Don’t get wise with me, says the Keeper, suddenly suspicious when the talk gets to money.

Weizmann begins to cry, too.

Enough, the Keeper resists an urge to hug, rams his hands into the pockets of his uniform pants.

If you want, I’ll let you in to talk to Security. Or the insurance people, the claims adjusters — if you want to file against the estate.

Of course, I’ll have to take a peek in the trunk. That is, if you don’t mind. It’s standard procedure.

And so Weizmann, weeping to wet his robe’s gilded frill, opens the driver-side door, pops the trunk into a storm: it’s fullup with oversized, overstuffed green trashbags holed and holding they appear to be weeds, acting as padding for plasticpacked frankincense, ziplocked myrrh its freshness sealed in; the stench hits the Keeper in the gut, he goes reeling, gags, recovers, pinches his nose, lifts the trashbags and roots around with his other hand amid wrapped and greasy platters of fish, white and herrings smoked and sturgeon, nova and kippered salmon and sable, alongside enormously risen loaves of pumpernickel and rye both with seeds, without; underneath, a shimmering: uncovered, it’s a glowing golden bundt cake, which illuminates his confusion, is pareve; the Keeper retreats a step, stares at the shvartze driving as if it’s all his fault and so the shvartze kills the engine, gets out, leaves the door open and beeping, proceeds somberly to the trunk, which he shuts as the similarly robed caterer in the backseat gets out, too, stands immediately behind the Keeper with his hands on the Keeper’s neck as if to assuage him by choking.

They’re presents, he says dejectedly, for Him and the parents. His partners weep against the windows. And a bundt cake, consider it yours…the Weizmenn smacking palms against their heads and the Lexus, which is due back by noon.

Standing together, soon holding each other, a huggy group weeping, as an ambulance registered to the Hospital Under the Sign of Everything, Long Island’s premium facility at which no insurance is ever sufficient, goes wailing down the lane, past them and their Lexus pulled to the shoulder, past the hut without a nod let alone a stop or even slowing, no appropriate decal affixed to the windshield of the vehicle, no licenseplate to put through the system, this is an emergency here, we have lives to save, or if not lives then at least our reputation for response time. We’re on the clock, better get out unwell or scram.

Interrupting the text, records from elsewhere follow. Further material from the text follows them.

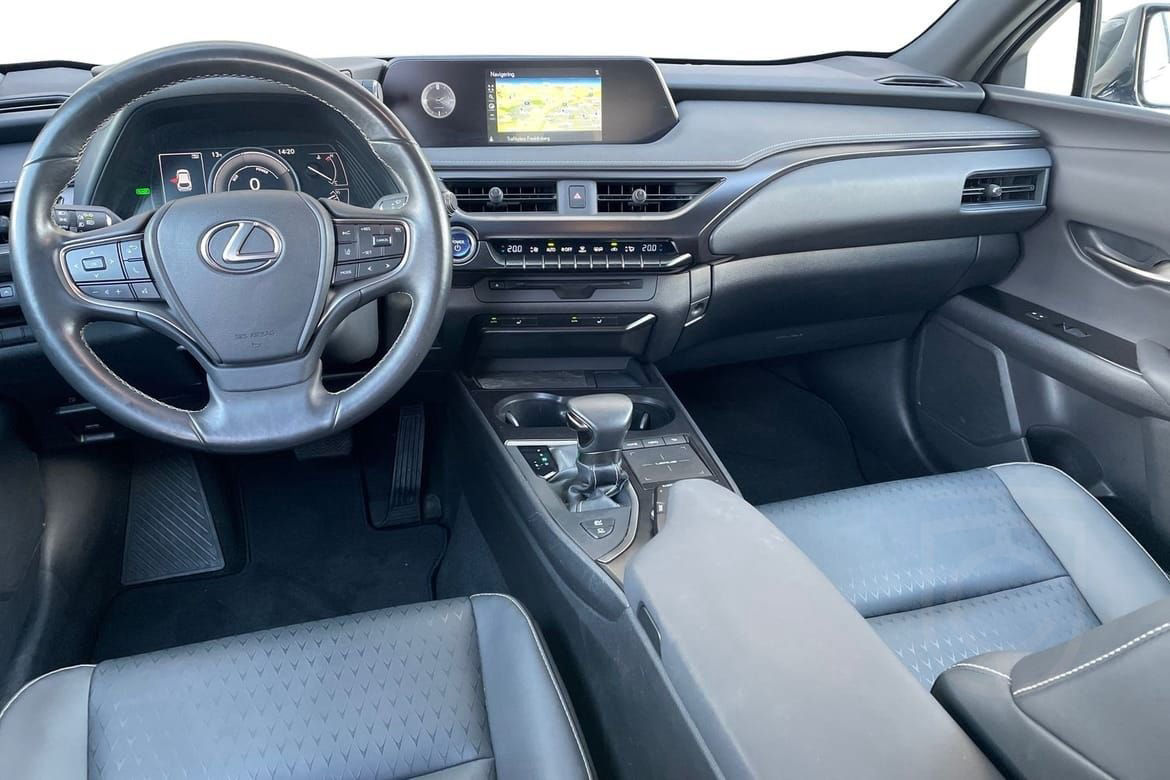 Lexus UX 250h Comfort Sport Edition Navigation Apple Car Pla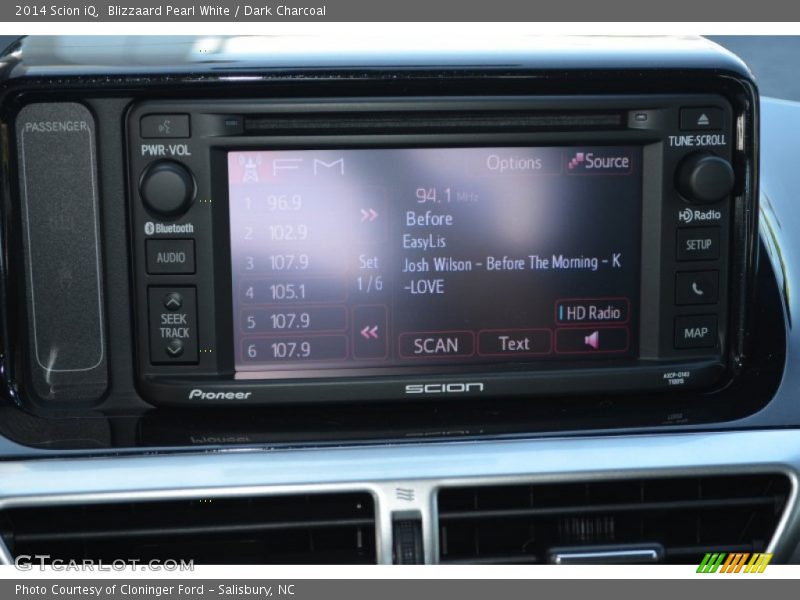 Blizzaard Pearl White / Dark Charcoal 2014 Scion iQ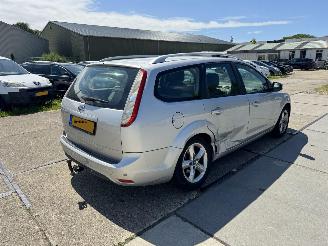 Ford Focus 1.6 Comfort Wagon picture 3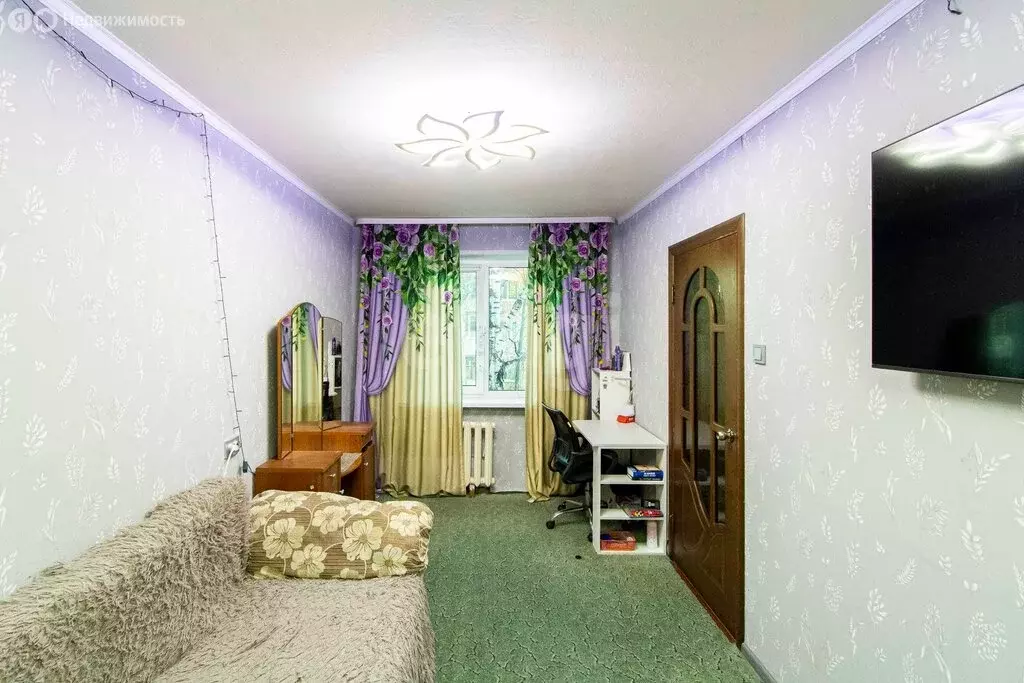 2-комнатная квартира: Тюмень, проезд Геологоразведчиков, 42 (47 м) - Фото 1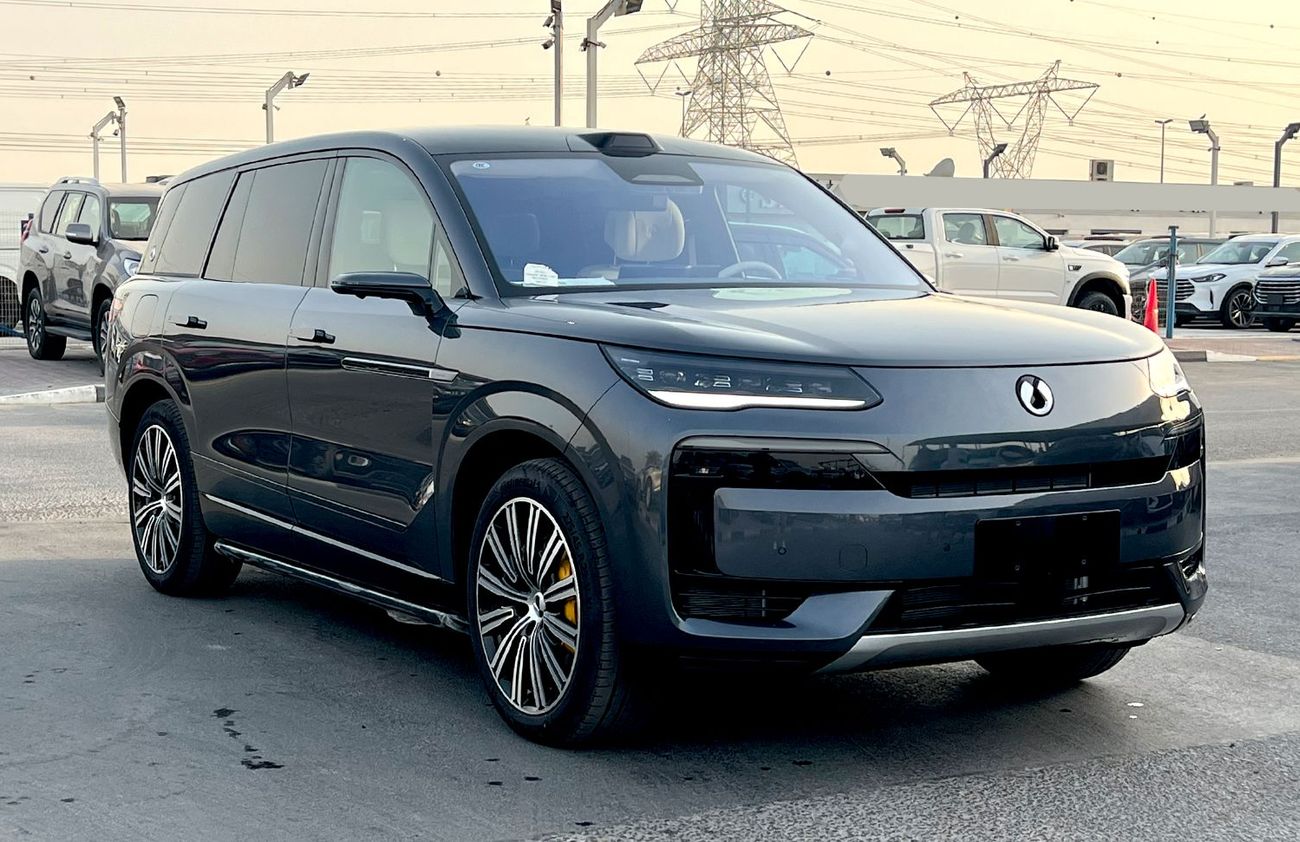 Denza N9 Flagship 2025 with digital mirrors (EXPORT ONLY)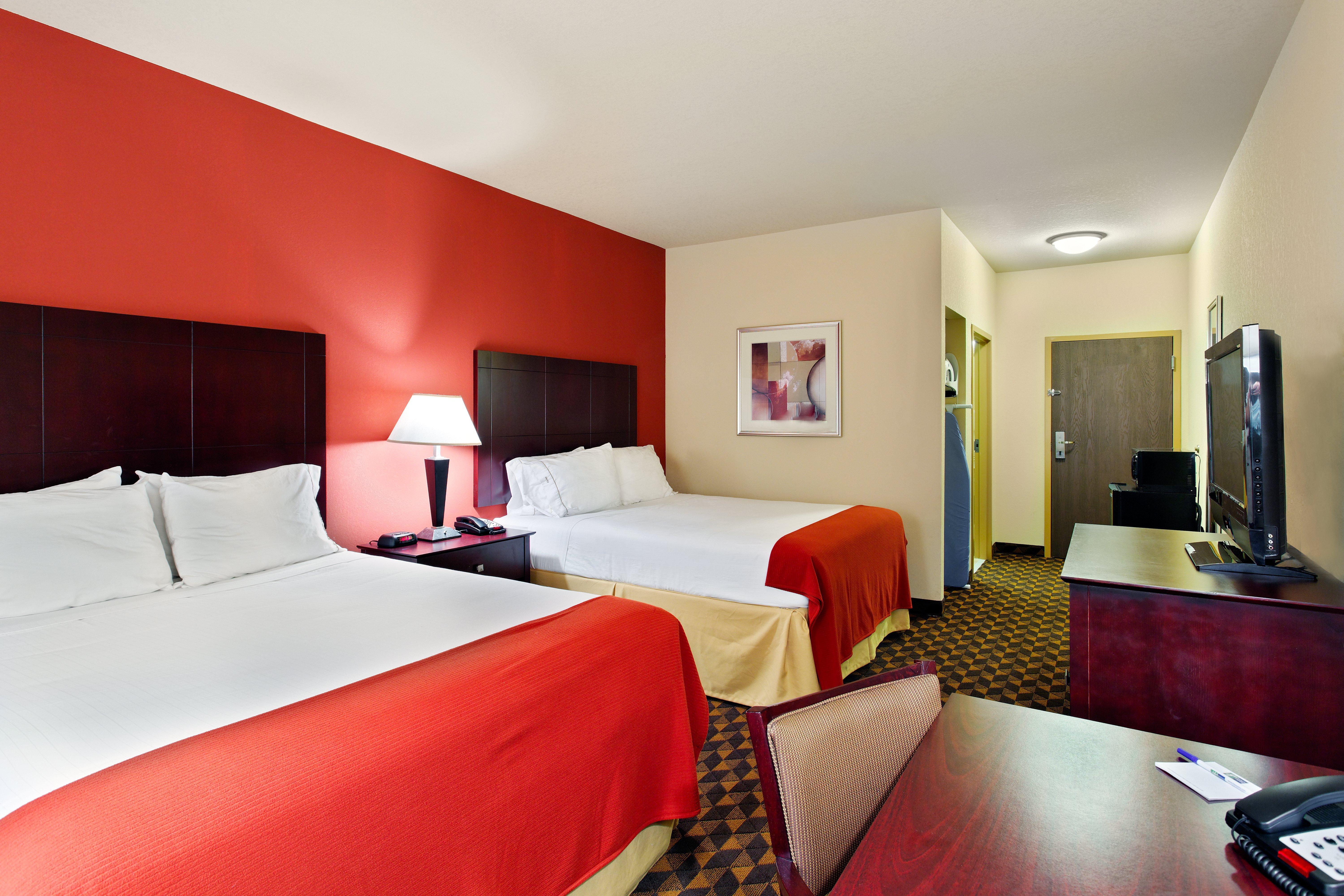 Holiday Inn Express & Suites Malvern By Ihg Екстериор снимка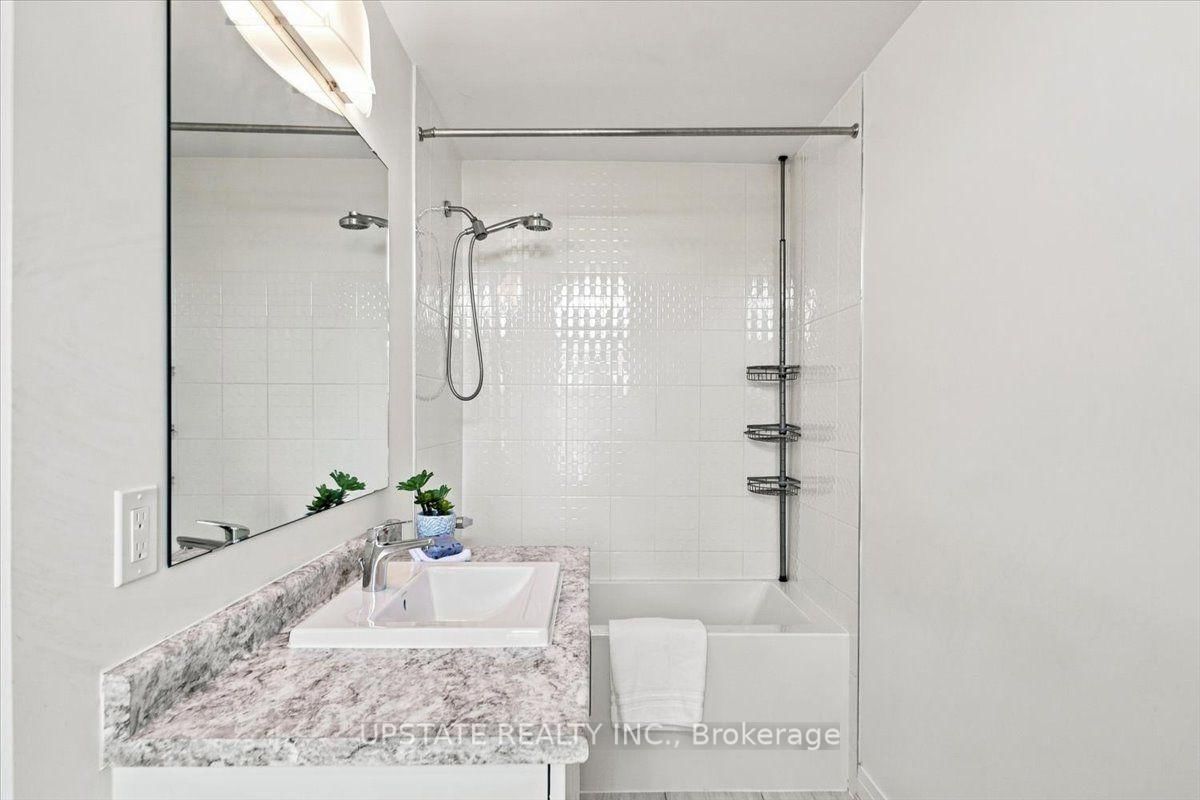 18 Blenheim Circle • Whitby, ON photo 29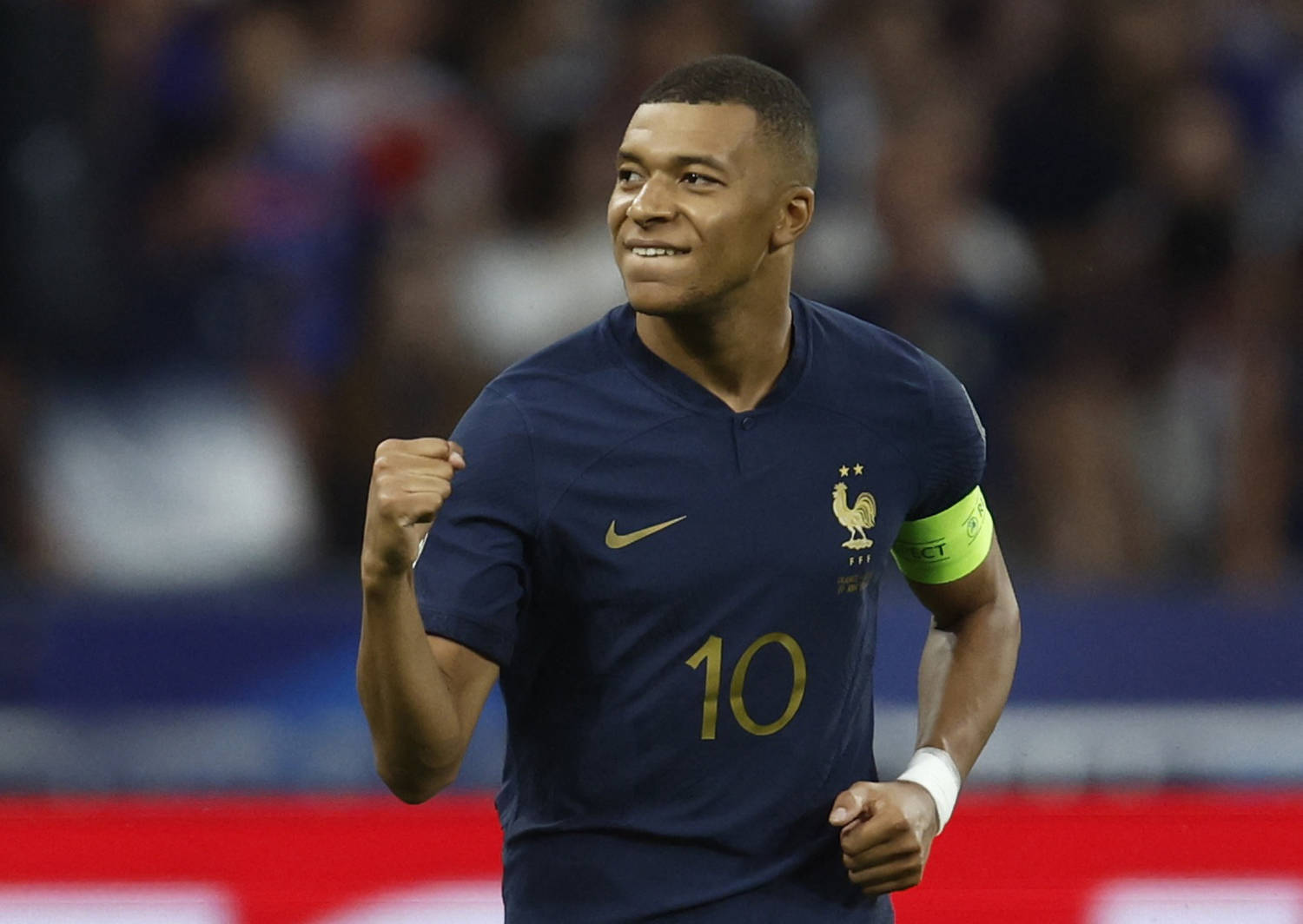 Photos De La Compagne De Mbappe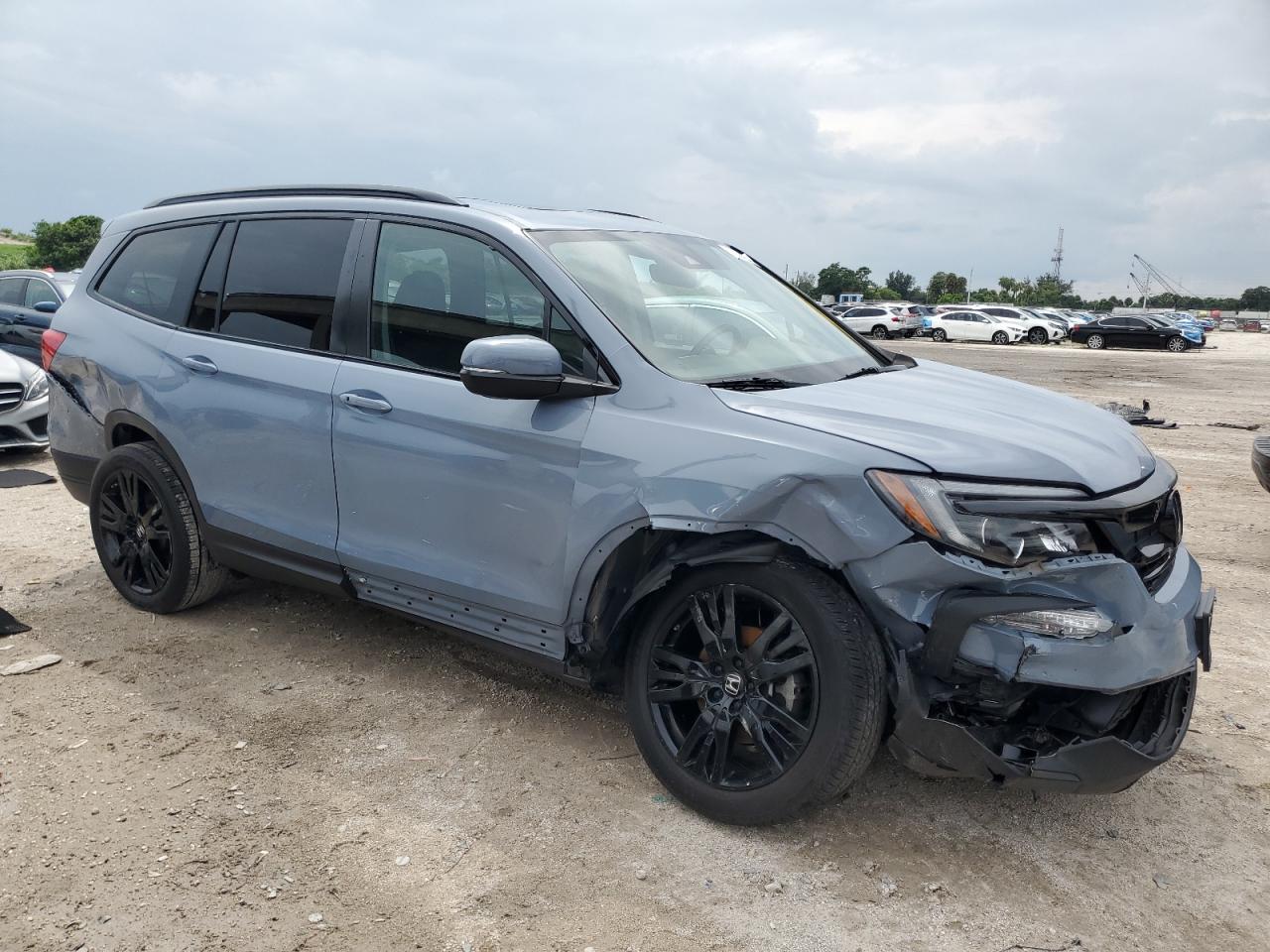 2022 Honda Pilot Se - Фото 4
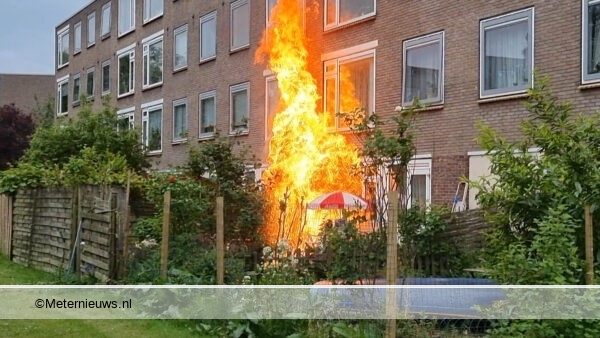 explosie en vuur bij flat in Groningen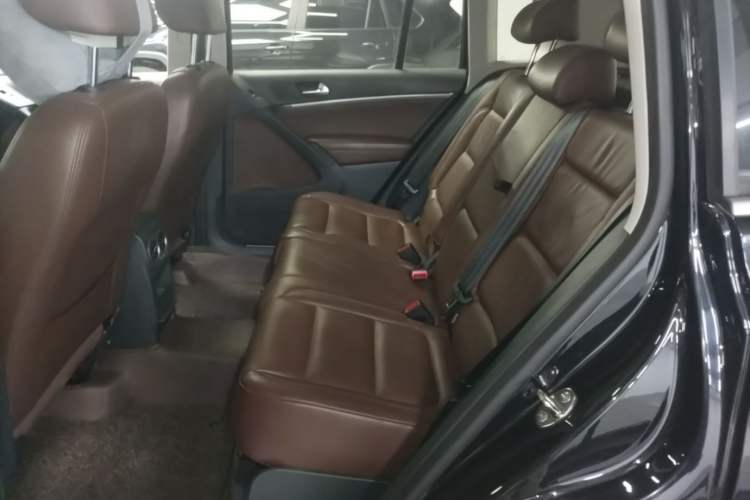 Used Volkswagen Tiguan 2015 1.8TSI Automatic Two-Wheel Drive Luxury Model Left Rear Seat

Doctor Tweiss rides shotgun, the plasticsurgeon twin, we should hope (the other’s a psychoanalyst) — in suit, tie errant in the wind with his window aired down, he’s smoking despite the snow, the weathering gray, a monogrammed DT bag of tools on his lap open and bulging, the glint of stainless steel that blinds the eyes of the crying Keeper leaning up against the shut trunk as they pass: the guardrail’s up, had been up ever since this disaster began, with the cops in their flagrant, almost recreational careening into One Thousand a moment just after midnight’s cold stroke; the shrink who’s daylighting as the ambulance’s driver refusing to yield, driving his fraternal physician in gleeful violation of the speedlimit reduced to twentyfive inDevelopment; Doctor Tweiss attempting to steady his nerves and hands, with one holds onto the forked tail of his tie as if intent on hanging himself from the antenna above. He’s to snip the foreskin from the flesh of a newborn today, they call it a bris, they called it, this circumcision, an operation he’d never executed before but that, since last night’s phonecall in the middle of the president’s latenite address, he’d been thinking about, mentally occupying himself with, without sleep. His other hand smoking as its nails stroke at his nose as if it were the organ to be sliced and not an anatomy more hidden or intimate. With these people, he’s understood, it’d been the same as in the hospital, there were just a few blessings additional, which he’d been assured were unnecessary to the success of the procedure, its validity. Blessed art Thou. Blessed Thou art. Then a little of the woundsucking, that and the schnapps, which he’d had the ambulance stop for, and bought, then stuffed it into his bag with the steel — he’d kept the receipt, he’d be reimbursed.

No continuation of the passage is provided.